Missing Plane: 'Evidence Points To Hijack'

16 March 2014

Efforts to divert the missing Malaysia Airlines plane needed "preparation and forethought" and appear to have been part of a hijack, aviation security experts have told Sky News.

While Malaysian authorities are refusing to say publicly that a hijack is the most likely scenario, the country's prime minister confirmed the plane had been deliberately diverted and its communications cut.

The Boeing 777-200 was heading from Kuala Lumpur to Beijing with 239 people on board last Saturday when it disappeared around 40 minutes into its flight.

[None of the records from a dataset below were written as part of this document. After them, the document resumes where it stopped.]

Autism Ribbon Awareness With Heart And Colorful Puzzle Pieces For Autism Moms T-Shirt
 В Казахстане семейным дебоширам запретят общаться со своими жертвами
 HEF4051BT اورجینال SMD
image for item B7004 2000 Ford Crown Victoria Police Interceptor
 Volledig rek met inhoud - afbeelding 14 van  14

And experts say the fact Flight MH370 vanished in a so-called 'dead space' area - when Malaysian air traffic controllers handed over control to their Vietnamese counterparts - appears a crucial factor in the mystery.

John Lindsay, former head of air safety at British Airways, said this would have been the "ideal" time to take over the aircraft "because it would give a period of time when no one was aware of what the aircraft was doing".

He said this and the disabling of the plane's transponders - which transmit data on a plane's location to air traffic controllers - suggest it was well-planned.

"It seems to be more than just a strong coincidence that the loss of contact with the aircraft happened at the point of hand-over," he told Sky News.

"(Also) there's a lot of (communication) equipment on there, most of which operates automatically, and to disable particularly the ACARS (Aircraft Communications Addressing and Reporting System) it would need some preparation and forethought.

"It's quite doable, but it's not something the pilots would have been trained to do, whereas the air traffic control transponder is something that is routinely switched on and off as required.

"But the ACARS are a different matter as are the sat coms. These things would have required some preparation and forethought about how they were going to be accomplished and when they were going to be accomplished."

He said it was "inconceivable" that someone in the passenger cabin would know the critical point at which the aircraft was being handed over to Vietnamese control.

This suggests either the collusion of the crew or someone in the flight deck when hand-over occurred.

Former BA pilot Alastair Rosenschein told Sky News it is "looking more likely" that the plane was hijacked.

"What is puzzling is the fact that the ACARS and the transponder appear to have been disabled or switched off or become unworkable at separate times," he said.

"It rather suggests that was a deliberate action."

Final satellite communication came more than six-and-a-half hours after the plane vanished from civilian radar.

Aviation security expert Philip Baum said the possibility of pilot suicide is now decreasing "because you would have expected a suicide pilot to simply crash the aircraft not carry on flying".

"So it now looks like we're dealing with a terrorist situation or with the actions of a deranged individual or an asylum seeker," he said.

Previous theories about why the plane vanished included a sudden mid-air explosion, catastrophic equipment or structural failure, or a crash into the South China Sea.

If a plane if hijacked, crew are trained to be compliant and do whatever they can to safeguard the plane and passengers.